Die Urologie am JHD hat sich laut Friedel auch in diesem Jahr unter kommissarischer Leitung gut entwickelt. Unter Carla Schwenke solle der urologisch-chirurgische Bereich weiter ausgebaut werden. „Ich bringe Erfahrungen aus dem gesamten urologischen Spektrum mit“, sagt Carla Schwenke, die ihre Facharztausbildung an der Klinik für Urologie und Kinderurologie des Universitätsklinikums Wuppertal absolviert hat und auch Auslandserfahrungen in den USA, in Großbritannien und Belgien aufweisen kann. Studium und Promotion hat Carla Schwenke an der Georg-August-Universität in Göttingen absolviert.

Klinik soll wachsen

Den Wechsel von einer sehr großen zu einer kleineren Klinik begründet Schwenke auch mit ihrem guten Gefühl: „Das JHD hat sich neu positioniert und strukturiert.
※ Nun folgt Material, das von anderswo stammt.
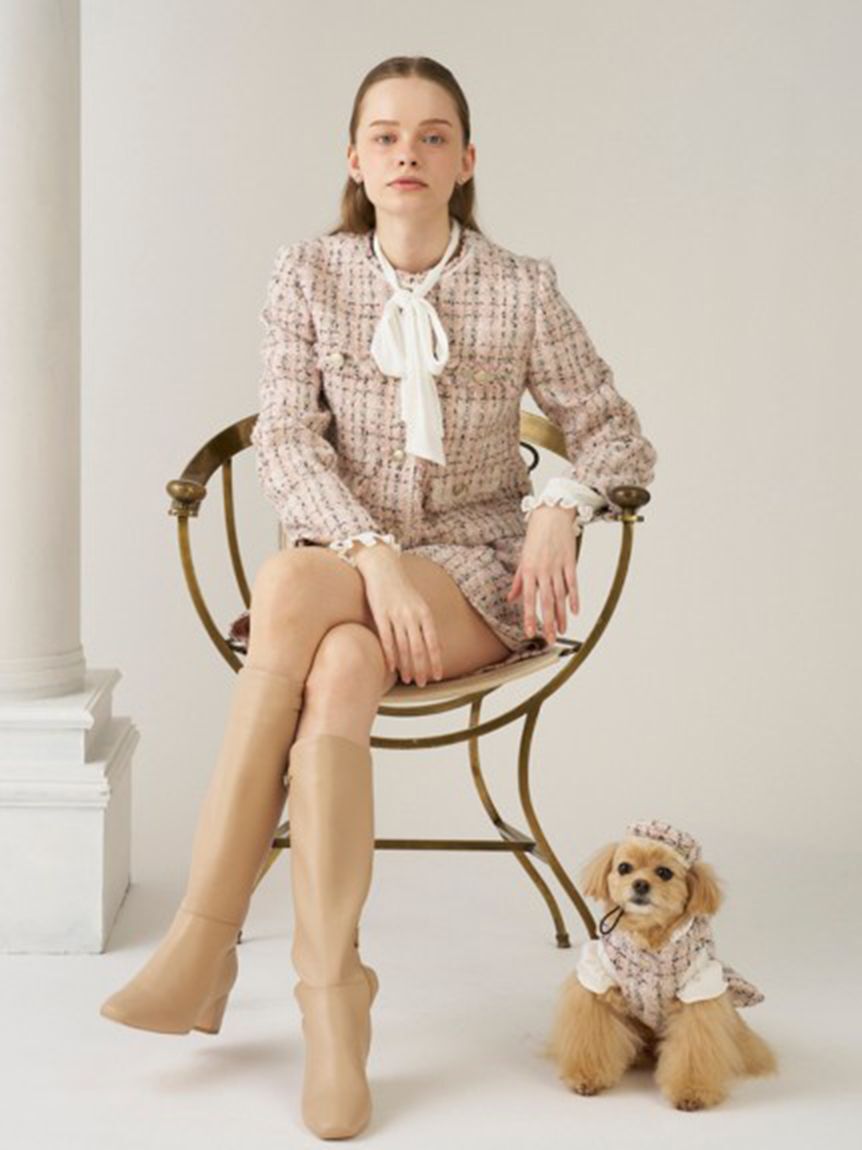 CELFORD「【洗える】【DOG&CAT】ツイードドッキングカットワンピース」|その他|
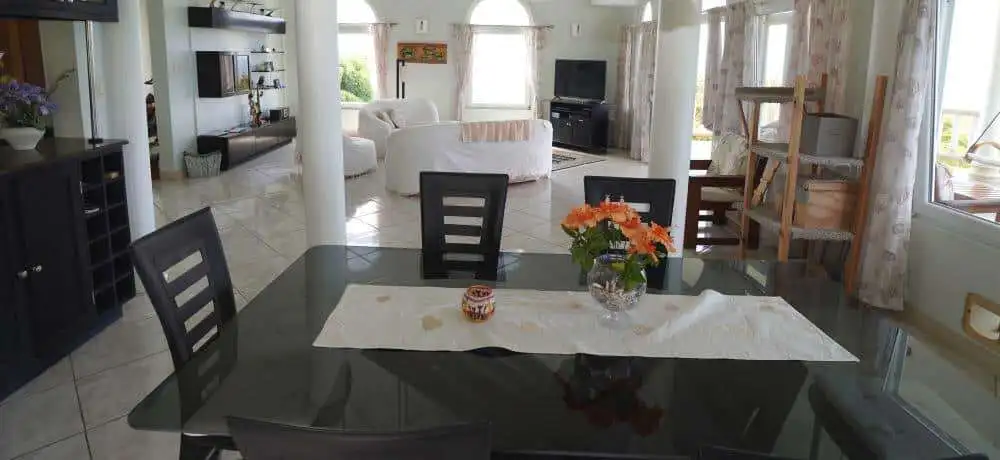 Spacious living room with modern furniture and large windows in a luxury villa in Harmony Hall, Pros.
Ich habe zudem einen positiven Eindruck von dem interdisziplinären, kollegialen Umgang in der Klinik gewonnen.“

Aktuell werden in der Klinik für Urologie am JHD jedes Jahr rund 1500 Patienten stationär behandelt. Friedel und Schwenke sind sich einig, dass künftig noch mehr Patienten in Delmenhorst versorgt werden sollen. „Wir werden sicher nicht so groß wie Bremen-Mitte, aber wir sind eine gute Alternative“, sagt Friedel.